Clearly, one could add dozens of reasons why the stock market might burst like an unchecked water heater. An extremely overvalued cyclically adjusted P/E near 25, an unsustainable price-sales ratio of 1.5 and companies like Tesla (NASDAQ:TSLA) being valued at roughly half the price of General Motors (NYSE:GM) are unsettling. (Does anyone even think about the reality that the revenue at General Motors is 75x greater than sales at Tesla?)
The truth of the matter is that investing success requires participation regardless of whether the exuberance is rational, irrational or somewhere in between. You cannot achieve gains without being in markets that are rising. On the other hand, you will not be able to soften the blow of bearish losses on a diversified prayer; that is, successful investors understand the mathematical necessity of reducing one's allocation to asset classes that are breaking down. In essence, you have to a plan to minimize the risk of downtrends.
For the time being, however, the stock uptrend remains intact. Should you keep buying the broader U.S. market? Or might there be a sector investment with greater upside potential? From my vantage point, ETF investors with cash on the sidelines might consider the transportation sector via iShares DJ Transportation (BATS:IYT) or SPDR S&P Transportation (NYSEARCA:XTN). Shipping, trucking, freight train transporting, air -- a healthy economy requires the efficient movement of goods.
Here are three reasons why transportation ETFs are worth a look right now:
1. Crude Oil Prices Are Slip-Sliding Away. Commodities may be weak across the board, but oil weakness is particularly worthy of note. The 10% price depreciation may be a function of rising production, modest demand and absence of hurricanes in the summer. Meanwhile, forecasters believe oil is set to drop even further. Bottom line? Fuel for trucking as well as air transport figure prominently in the success of corporations like United Parcel Service (NYSE:UPS), FedEx (NYSE:FDX), and Alaska Air (NYSE:ALK).

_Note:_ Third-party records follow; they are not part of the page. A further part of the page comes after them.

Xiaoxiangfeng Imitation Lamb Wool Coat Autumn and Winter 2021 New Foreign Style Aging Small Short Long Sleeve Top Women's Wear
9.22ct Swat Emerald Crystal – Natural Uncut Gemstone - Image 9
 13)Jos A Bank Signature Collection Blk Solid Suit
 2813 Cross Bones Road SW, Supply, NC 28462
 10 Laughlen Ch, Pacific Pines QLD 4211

These corporations and others are large contributors to the price movement of funds like IYT.
2. The Relative Strength for the Transportation Sector Continues to Climb. Funds like IYT and XTN handily outpaced the S&P 500 in the first quarter, but they weakened considerably in the second quarter; both failed to pick up ground on the big time benchmark until September. Suddenly, transports became a hot ticket item, charting a path higher over the next eight weeks. At present, the IYT:SPY price ratio demonstrates significant momentum for the transportation sector, as the 50-day moving average of the price ratio has climbed back above the 200-day moving average.
3. The Fed May Talk Up "Tapering," Yet It Is Stuck With Slow Economic Growth. Today, the EU Commission revised its 2014 economic forecast for the region from 1.2% to 1.1% growth. I expect to see additional downward revisions for countries around the world. When it comes to economic well-being, do we really need much more evidence than a bellwether like FDX, which reported a meager 2% growth in revenue? Fortunately for investors, a continuation of slow economic growth means a continuation of central bank rate manipulation. Strong management teams at blue chips like FDX know how to buy back shares to boost profits as well as cut costs; ergo, FDX offered up 7% earnings growth. In sum, transporters can get the most juice from the fruit, as long as oil prices remain subdued.
Disclosure: Gary Gordon, MS, CFP is the president of Pacific Park Financial, Inc., a Registered Investment Adviser with the SEC. Gary Gordon, Pacific Park Financial, Inc, and/or its clients may hold positions in the ETFs, mutual funds, and/or any investment asset mentioned above. The commentary does not constitute individualized investment advice. The opinions offered herein are not personalized recommendations to buy, sell or hold securities. At times, issuers of exchange-traded products compensate Pacific Park Financial, Inc. or its subsidiaries for advertising at the ETF Expert web site. ETF Expert content is created independently of any advertising relationships.